For the assessment of the mortars used in the past, several laboratory methodologies are available, and some of the more common ones are outlined in the table below. The essential question is, precisely what level of information is required from the testing? Answers to this question allow a planned approach and scheduling of appropriate procedures.
Achieving the requisite level of information often involves a combination of complementary techniques balanced by a pragmatic, cost effective approach when tailoring laboratory testing to objectives.
OBJECTIVES
Testing is often required to inform ‘replication’ of the original mortar for repair or restoration works. Given suitable samples and supporting information, laboratory testing will indeed yield pertinent information but, use of this as a basis for a mix design is beset with pitfalls and difficulties. Any analytical results will relate only to the mortar sample(s) at the specific time of the testing undertaken, and there is no guarantee that the samples represent the mortar as a whole, or its condition at any particular time in its service life. The fact is that, in many cases, the current condition of the mortar may well differ significantly from that mixed and placed in the original construction or used for past repairs. Certain factors may have impacted the mortar over time, from changes in weathering/exposure conditions to leaching and depletion of lime binder with re-deposition elsewhere in the mortar fabric and the effects of adverse chemical reactions arising from environmental or other circumstances. It is mostly a question of ‘best endeavour’ using test data in conjunction with other facts and consideration of wider issues.

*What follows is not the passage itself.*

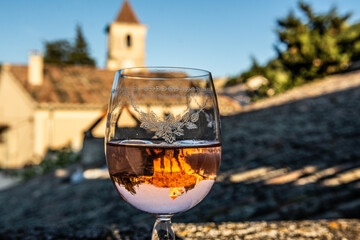 Close up of a glass of rosé wine. View on the roofs of a village in Provence. Church, Roman tiles, blue sky. Inverted reflection of the village, engraved glass.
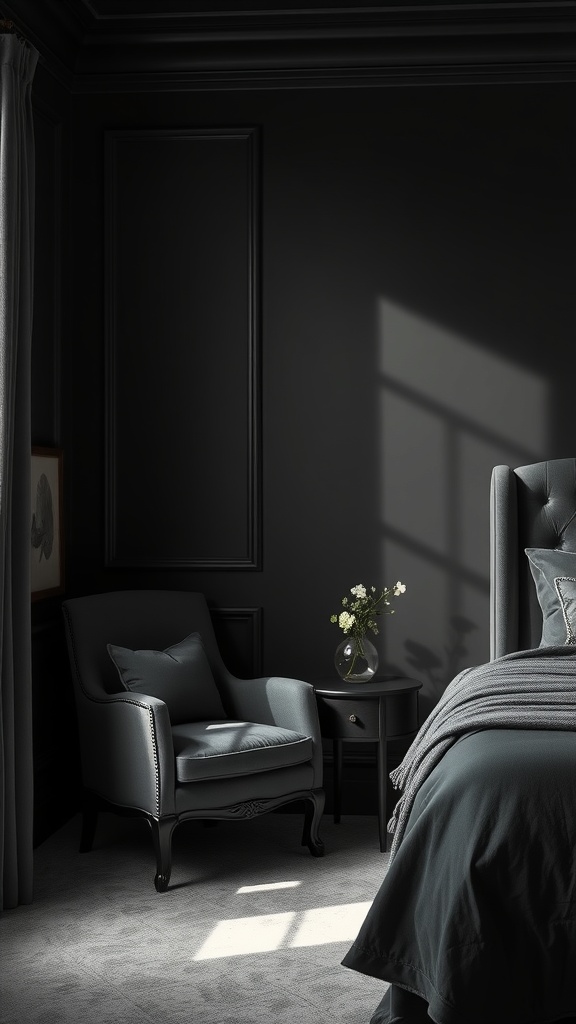 A stylish black accent chair in a dark bedroom with a small side table and a vase of flowers.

Where a mortar has failed, replicating the problem would be pointless. In this case the objective should be to identify how and why it failed in order to improve the durability of the masonry, extending its service life. The focus should be on enabling the specification of a mix that will help mitigate the problem.
Background information is always important when determining a test schedule, but particularly where failure has occurred. Viewed in conjunction with existing information, laboratory data should provide a fuller understanding of the problem and assist design of a repair mix. Modifications may, for example, involve adjusting aggregate grading or mix composition.
Often the approach involves preliminary testing followed by further laboratory work, each phase providing the rationale for subsequent testing, as illustrated by the following two case studies.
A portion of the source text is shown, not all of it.